Mrs. Miller, taking possession of her husband: “Oh, what a fright you have given us!”

Miller: “I given you! Do you suppose I did it out of a joke, or voluntarily?”

Mrs. Roberts: “Aunty, I don’t know what to say to you. You ought to have been here long ago, before anything happened.”

Mrs. Crashaw: “Oh, I can explain everything in due season. What I wish you to do now is to let me get at Willis, and kiss him.” As Campbell submits to her embrace: “You dear, good fellow! If it hadn’t been for your presence of mind, I don’t know how we should ever have got out of that horrid pen.”

Mrs. Curwen, giving him her hand: “As it isn’t proper for me to kiss you”—

Campbell: “Well, I don’t know. I don’t wish to be too modest.”

Mrs. Curwen: “I think I shall have to vote you a service of plate.”

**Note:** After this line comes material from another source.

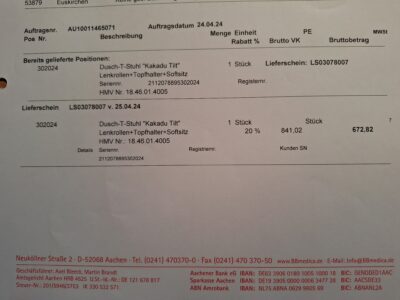 Dusch-Toilettenstuhl Kakadu Tilt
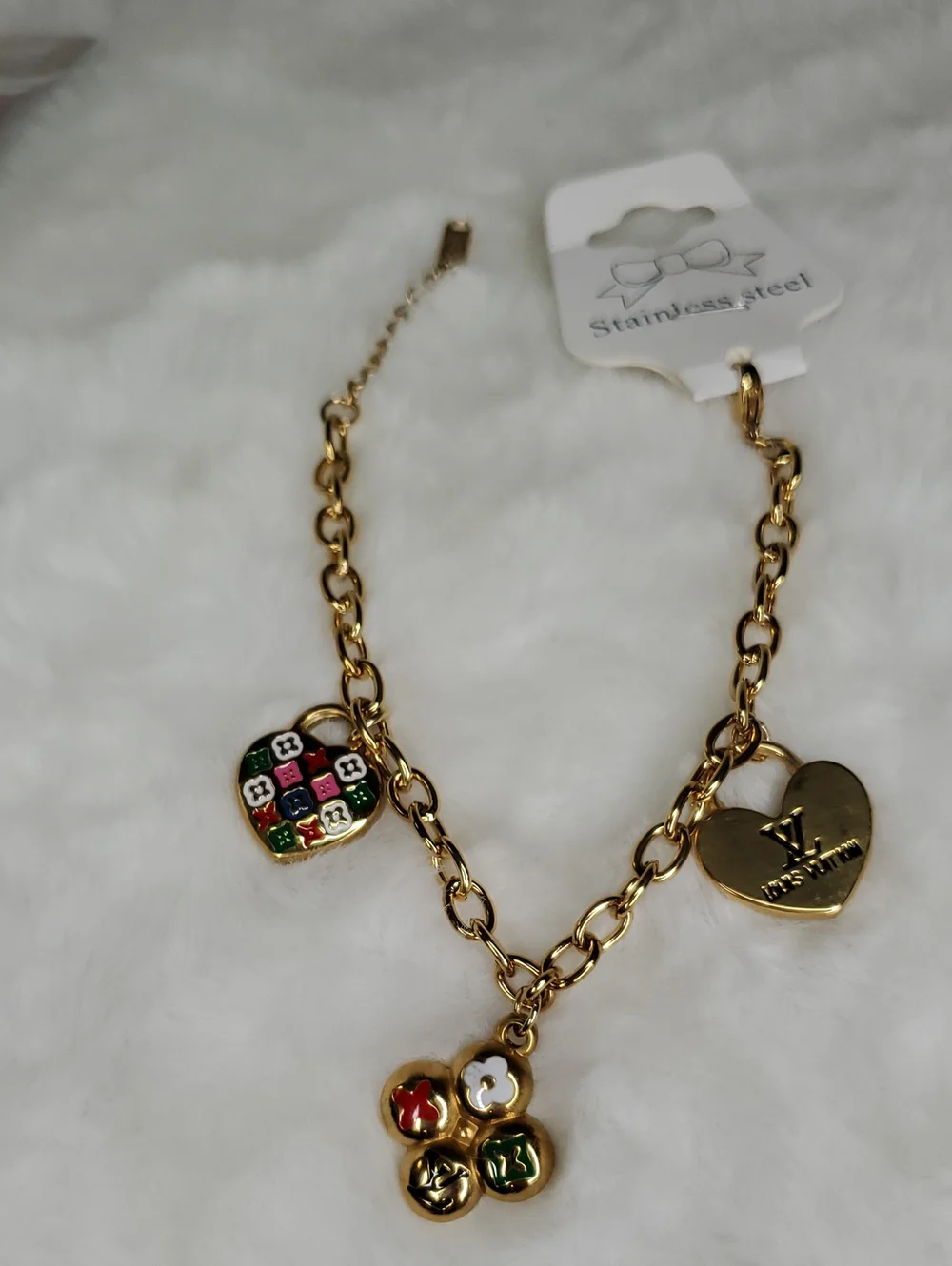 Gold Heart Charm Chain Bracelet  with Multicolor Accents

Mrs. Roberts: “Come and look at the pattern of mine. And, Willis, as you are the true hero of the occasion, you shall take me in to dinner. And I am not going to let anybody go before you.” She seizes his arm, and leads the way from the landing into the apartment. Roberts, Lawton, and Bemis follow stragglingly.

Mrs. Miller, getting her husband to one side: “When she fainted, she fainted at you, of course! What did you do?”

Miller: “Who? I! Oh!” After a moment’s reflection: “She came to!”